Source: http://incompleteideas.net/book/bookdraft2017nov5.pdf

MDP provides a mathematical framework for modeling decision making in situations where outcomes are partly random and partly under the control of a decision maker.

  • Bandit World

This is the 2nd type of division for the Reinforcement learning world. In this type of problem, there is no concept of States. There is essentially no such idea about moving from one state to another sequentially and gaining rewards. Here we are more concerned about learning the best decision to take when we are put in a certain type of condition. “Bandit” in “multi-armed bandits” comes from “one-armed bandit” machines used in a casino. In multi-armed bandit problems, the more you play the more you learn about the world, the more accurate we get about the decisions.

Real-world implementations could be a smarter AB Test: Instead of testing one thing on all populations, you will be making decisions based on a particular condition. You can show cat images to people who like cats, dog images to people who like dogs. Contextual Bandits can be used to optimize which algorithms to show on the website, for a higher click-through rate.

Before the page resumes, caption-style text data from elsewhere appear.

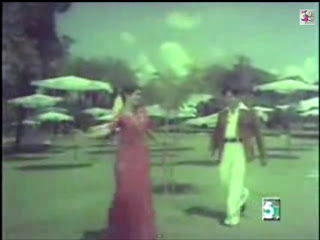 Sridevi in Pattakathi Bairavan with Jai Ganesh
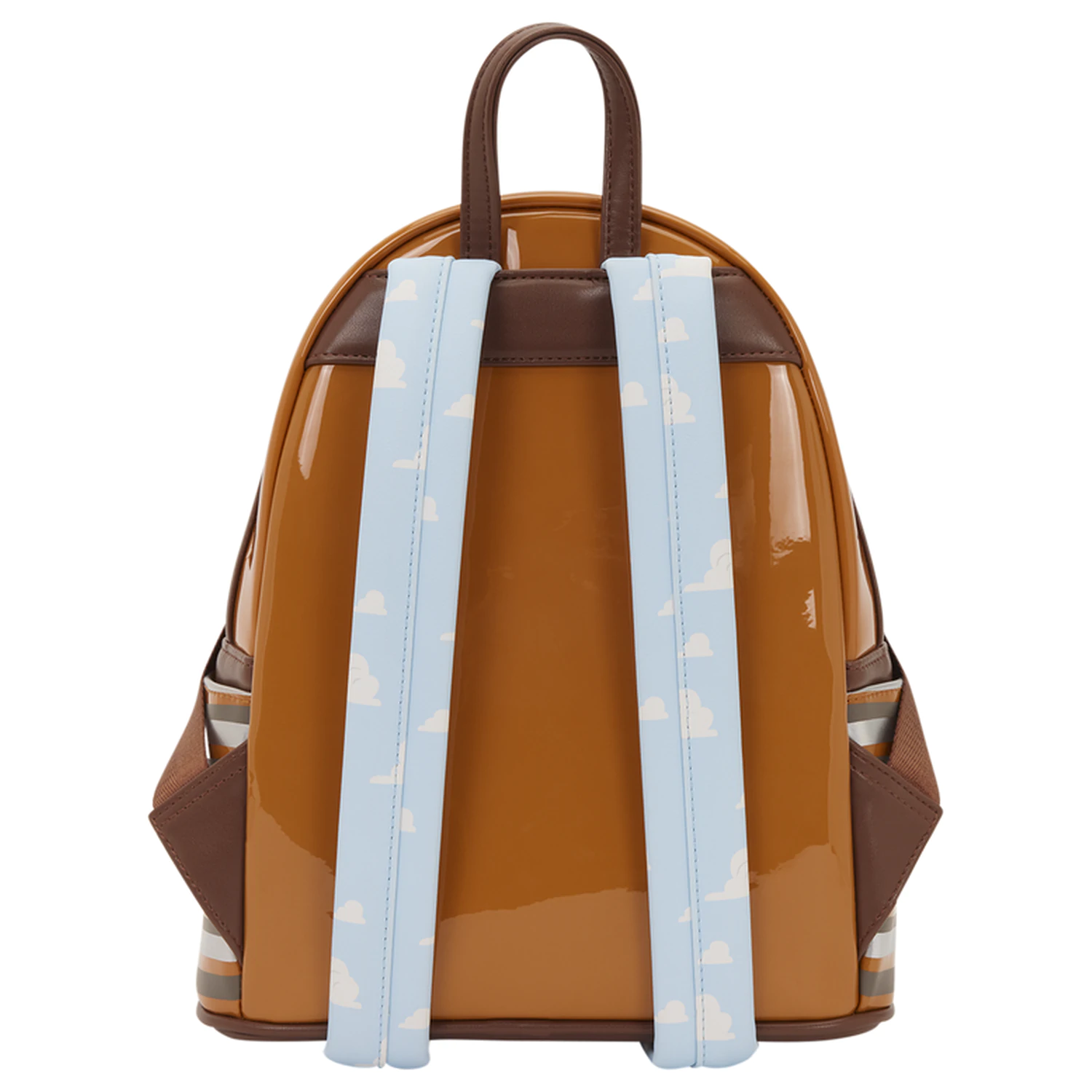 Loungefly Disney Pixar Toy Story Slinky Dog Rucksack 26 cm Produktfoto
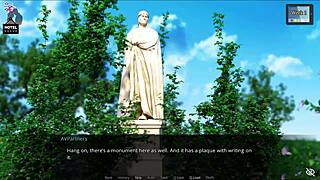 Sunshine Love 66: petualangan game anime sama elemen hentai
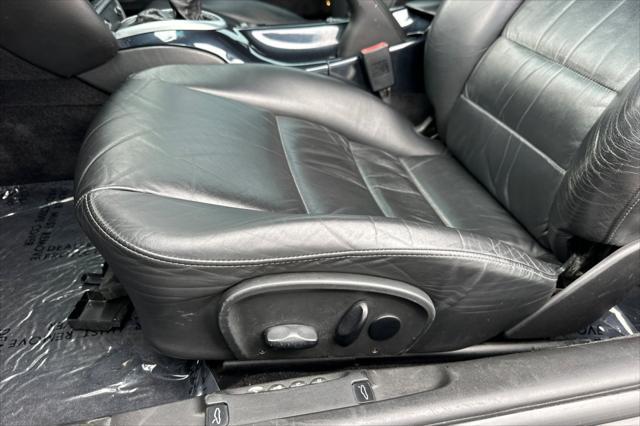 used 2005 Porsche 911 car, priced at $42,452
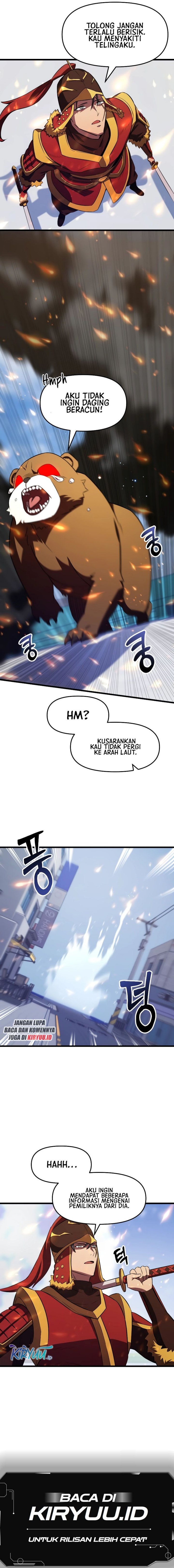 My School Life Pretending to Be a Worthless Person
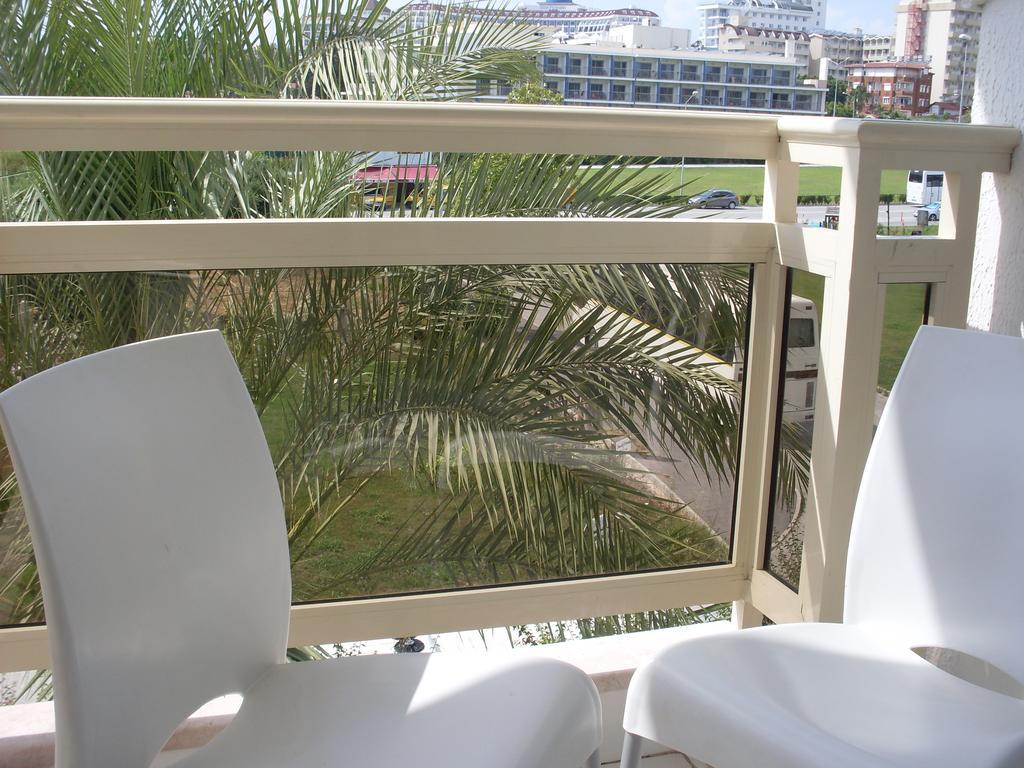 Villa Adora Beach Side Kültér fotó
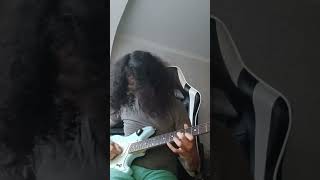 PaganiniSteve Vai  Caprice No5Crossroads Part 3 music rock guitar fender гітара [upl. by Virgin662]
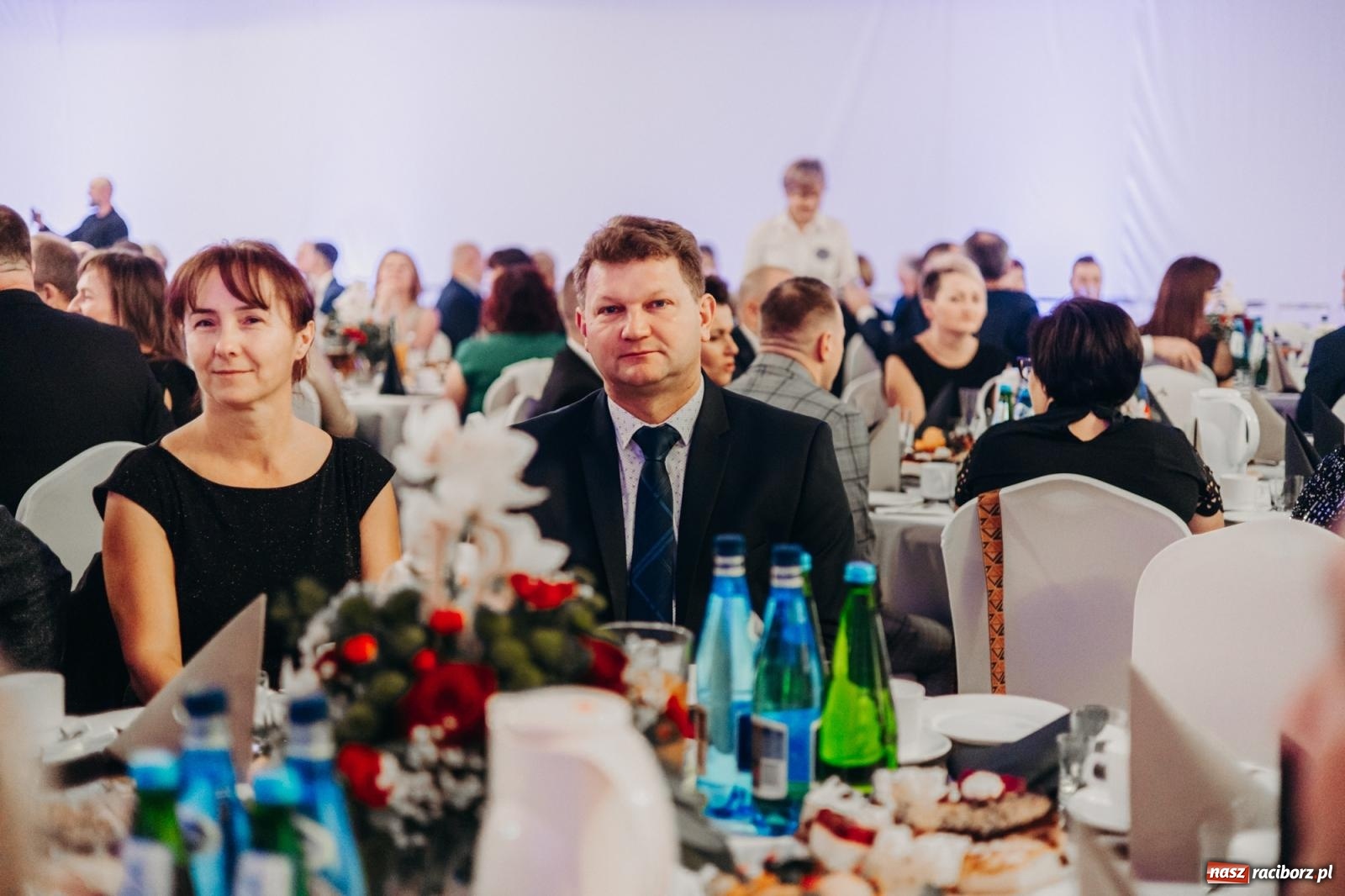 Zdjęcie w galerii na portalu naszraciborz.pl: Gala biznesu w Pietrowicach Wielkich [FOTO i WIDEO] wiadomości z regionu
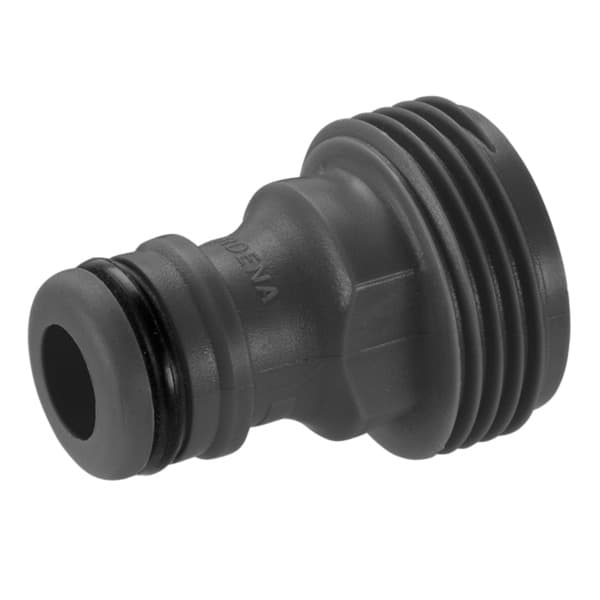 OVERGANGSSTYKKE 26,55MM 3/4"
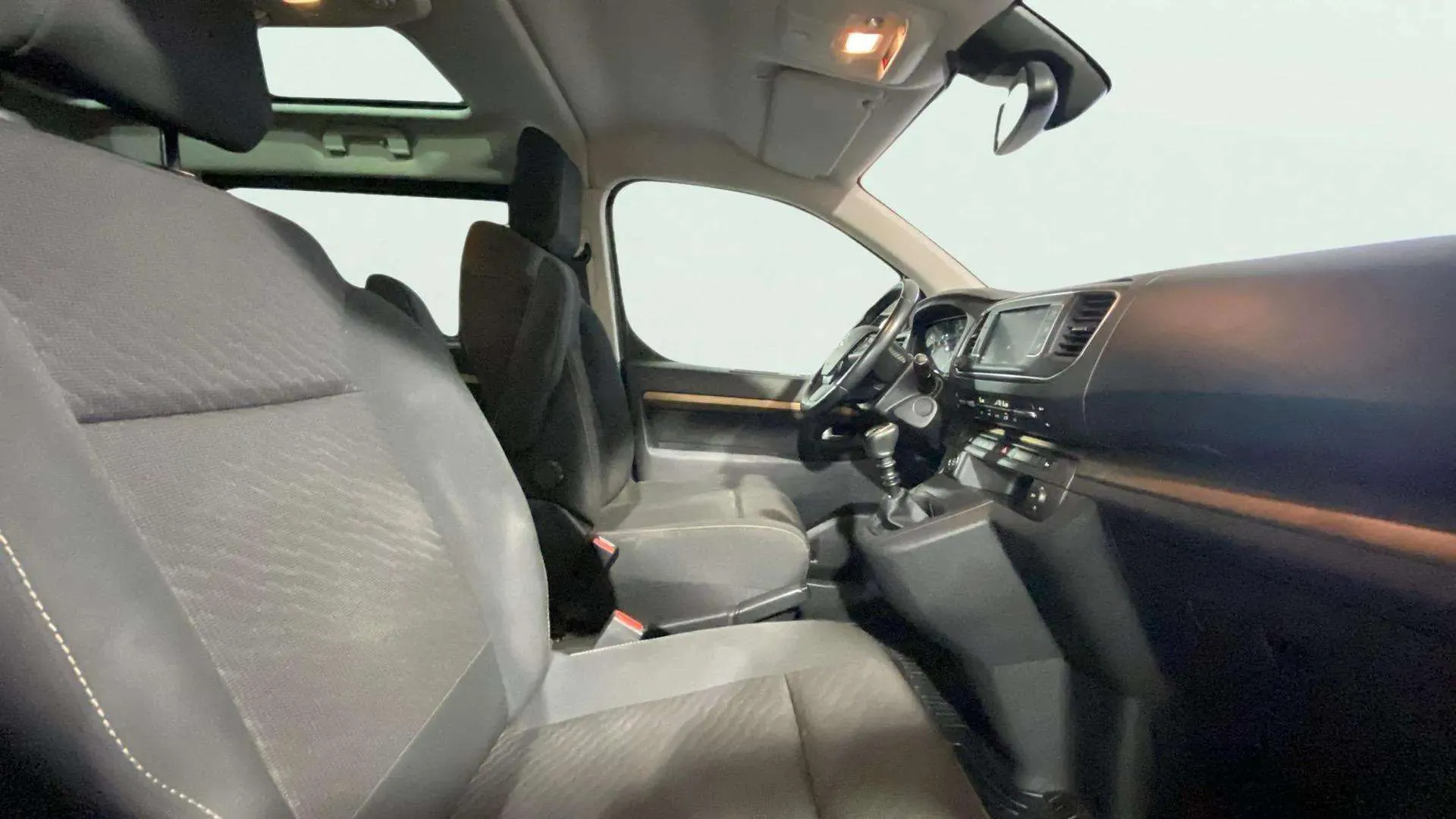 Toyota Proace Verso 2.0D Family Advance Pack L2 - foto 14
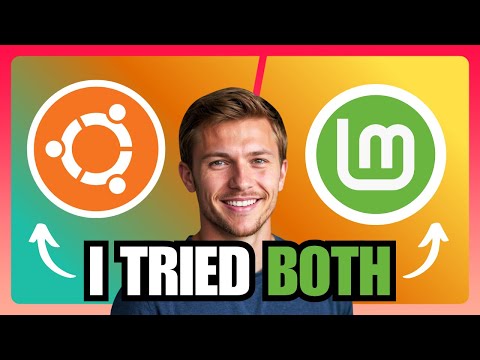 Ubuntu vs Linux Mint: Which Linux Distro Should You Use in 2026?
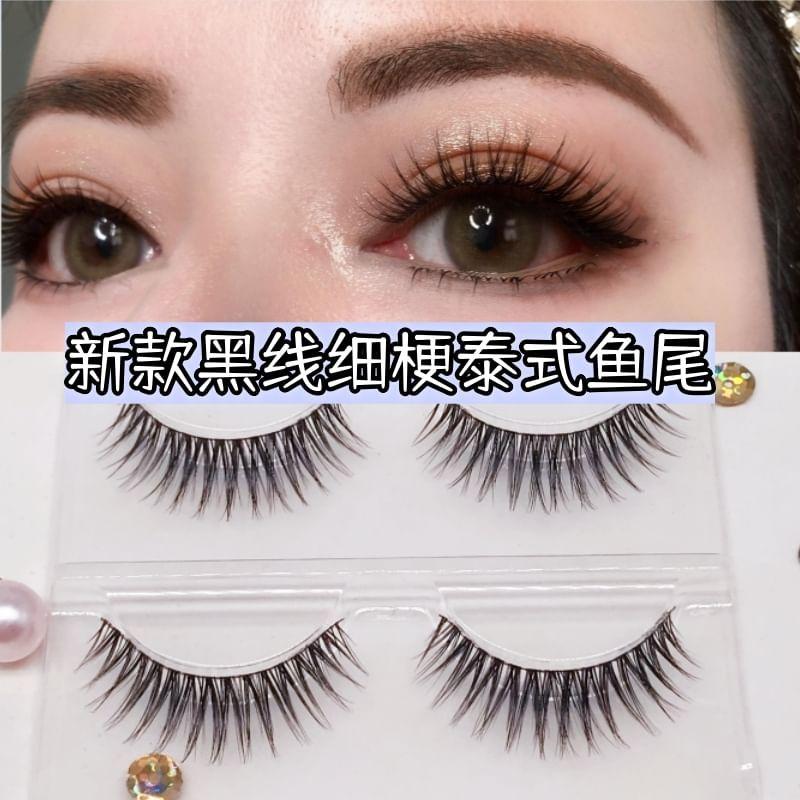 Aimo - False Eyelashes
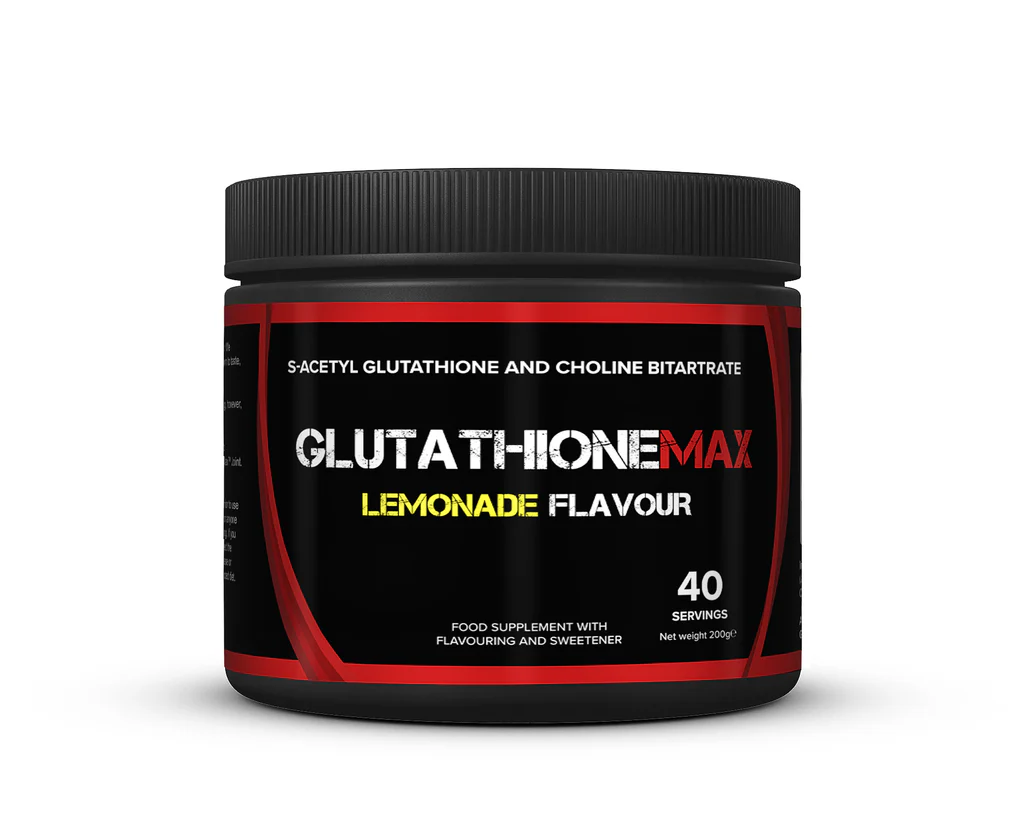 GlutathioneMax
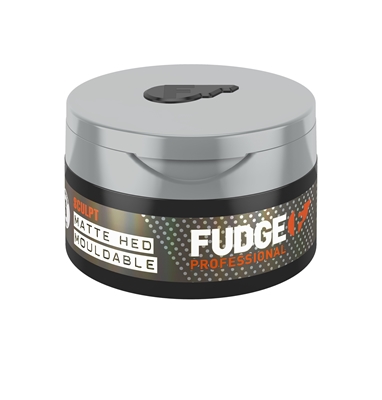 Picture of FUDGE SCULPT MATTE HED MOULDABLE styling creme 75g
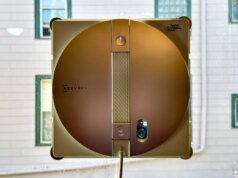Revisão do Ecovacs Winbot W3 Omni: Os robôs para limpeza de janelas têm um longo caminho a percorrer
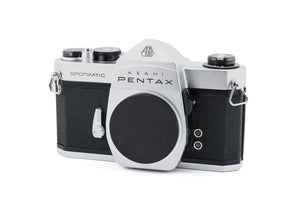 Pentax Spotmatic SP (Corpo)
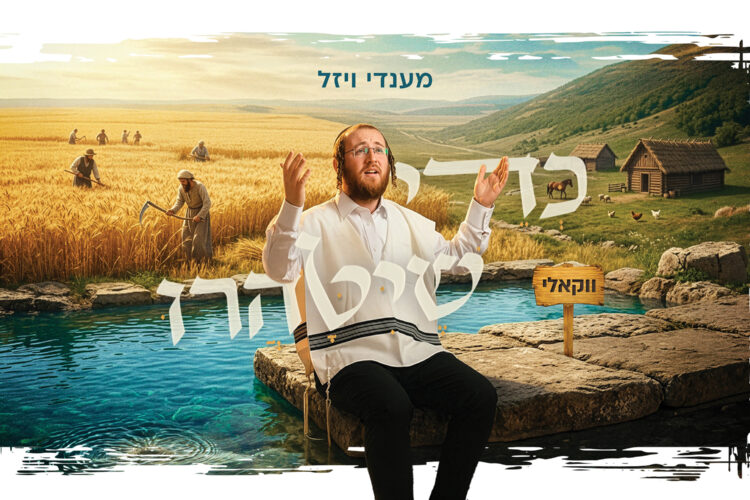 עטיפה מלבנית כדי שיטהרו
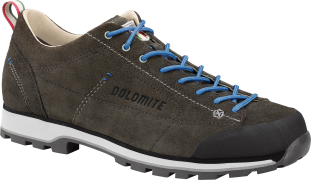 Dolomite Unisex 54 Low Anthra/Blue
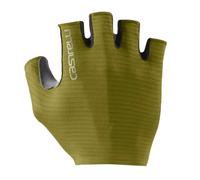 Castelli Espresso Mitts - SS25 - Sage / 2XLarge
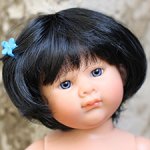 Студийный вихтель Ола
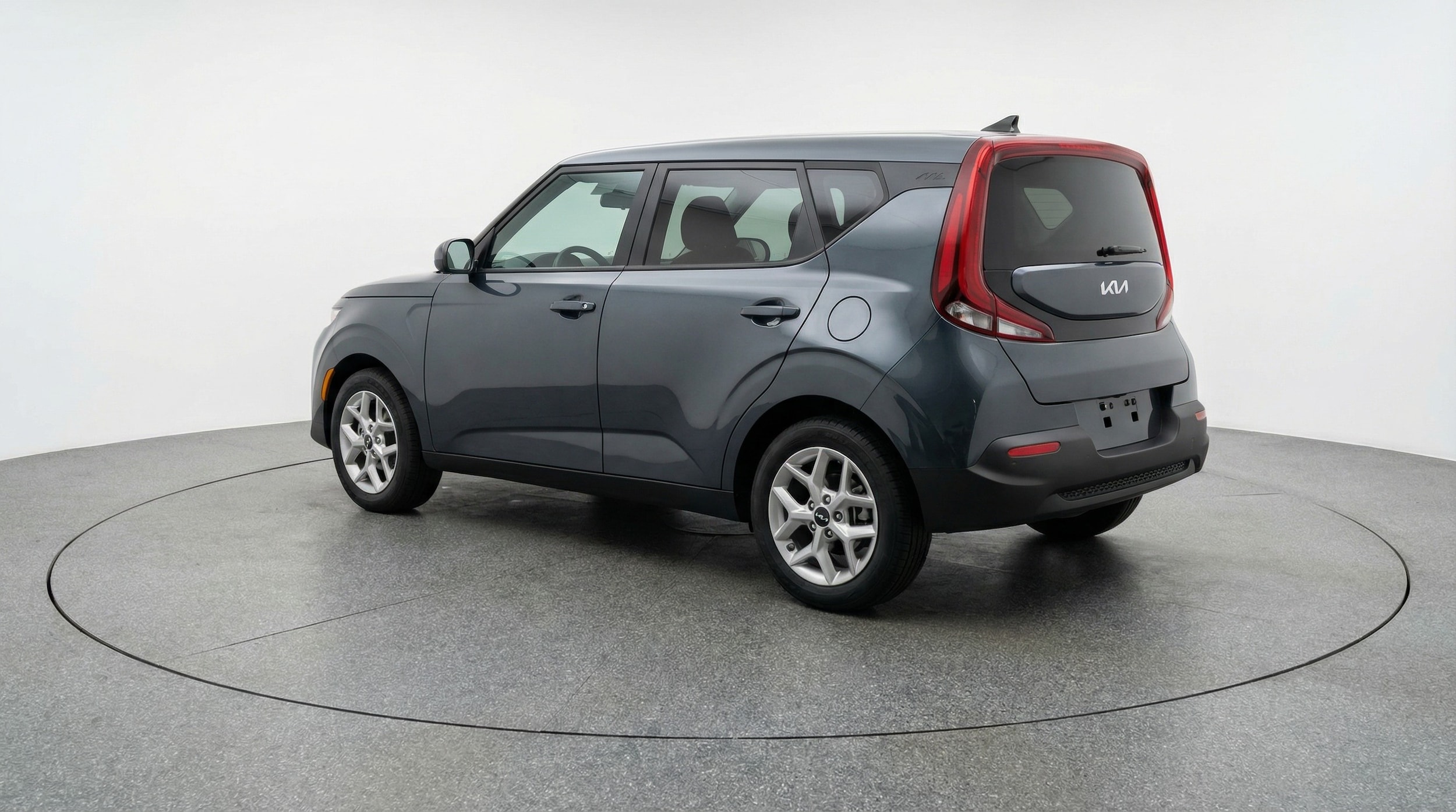 Thumbnail: 2025 Kia Soul - 5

Bandits are divided into 2 types:

  • Action Value methods and Gradient bandit Methods

MDP is further divided into Model-based and Model-free.

  • Model-Based:

In these algorithms, we have some external knowledge about the environment. We can also say that here we have an idea about the rules of the game environment. Monte Carlo Methods are Model based methods. Example: Googles Deep mind — Alpha go and Model Zero uses Markov decision trees and a Model-based approach.

Advantage: we can create a decision tree from the beginning to the winning end which makes it interpretable.

Drawback: As the state-space and the action space begins to grow, the model becomes more and more complicated. It becomes computationally expensive.

  • Model Free :

In this method we do not have an underlined structure of the environment. Learning everything about the environment from scratch. These models rely on Trials and error to update their knowledge of the environment. In this model we only have access to current state, reward and at maximum we can ask for the next reward.

Model Free are divided into 2 types:

  • Value-based: In this method we try to find the best estimation of future value. Because at the end we need to maximize the rewards. We estimate the value function and the Policy is implicit.

ex. Q-learning, SARSA etc

  • Policy-Based: In this method we try to find the best policy. Here we just want the agent to learn how to behave optimally in the environment. Theoretically, it is the best approach. There is No value functionand in this method, we just try to estimate the policy and optimize it.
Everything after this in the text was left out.